Ipswich Town was next in the semi-final and after a cautious, dour first game which ended goalless, Taylor and West Ham came to the fore in the replay at Stamford Bridge.
“The replay was under the lights and with all the West Ham fans there it was a great atmosphere,” he remembered.
“I scored a similar one to the Arsenal goal from a yard or so out, but my second was from outside the box.
“Not sure what I was doing there as I think we had a corner, but I must have been looking for space and when it came to me, I hit it and it went in off the post.
“I think we had some luck that day as well as I think they had a penalty turned down and may have had a disallowed goal too and it was moments like that when you think perhaps your name is on the cup.”
Second division Fulham provided the opponents in the final and Lyall and the more experienced players like Billy Bonds, Trevor Brooking and Frank Lampard were determined to play the excitement down as Tayor recalls.
“I remember we left Upton Park on the Wednesday and stayed in a hotel until the day of the match and that kept us away from all the media and build-up to the game.
“The final was always a great occasion and in those days it was the only club game live on the TV and the build-up started from about eight in the morning.
“There were cameras on the coach as we went to the ground, but it wasn’t until we were inside Wembley and we saw all the West Ham fans that I felt nervous.”
Alec Stock’s Fulham had Bobby Moore and Alan Mullery in their ranks and it was they who had the better of a goalless first half at Wembley.

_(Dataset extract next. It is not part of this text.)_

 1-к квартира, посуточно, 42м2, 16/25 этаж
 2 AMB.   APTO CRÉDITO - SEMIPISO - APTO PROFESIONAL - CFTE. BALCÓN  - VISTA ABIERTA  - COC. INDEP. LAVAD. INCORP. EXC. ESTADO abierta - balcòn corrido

“John said at half time just play as you are and it will come good and once we got in front in the second half there was only going to be one winner,” said Taylor.
He was the one who turned the tide, taking advantage of slips by Fulham keeper Peter Mellor to score two goals.
“They say that Mellor made mistakes on the day, but I still had to be in the right positions to take advantage, that was what I was good at,” he said.
It was an amazing transformation from Rochdale to match-winner at Wembley.
“I will never forget that day and it was also special to step on to the same pitch as Bobby Moore,” he said.
“I will always remember him coming up to me after the match and saying ‘well played, Alan,’ that meant so much to me and showed what a great man he was.”
Taylor helped West Ham to reach the European Cup Winners Cup final the following season, losing to Anderecht in the final, before he left for Norwich City in 1979.
He had a spell with Vancouver Whitecaps as well, but it will be his time at West Ham that he will be forever remembered for.
“Looking back, my time at West Ham was certainly the finest part of my career,” he said.
“Coming from playing in front of 1,500 people at Rochdale and then playing in the cup final was something I could only dream of and I managed to do it.”
Even at a sprightly 66, Taylor still keeps active. He had just managed an hour and a half walk before speaking to me on the phone as he struggles with the current lockdown.
He had a newsagents in Norwich for 16 years and now helps out another newsagent with the early morning papers three days a week.
He also works as a pallbearer at a local funeral directors.
“I like to keep active and I wouldn’t want to slow my wife down, she is always still on the go.”
It was 45 years ago, but Alan Taylor is still every inch the West Ham hero.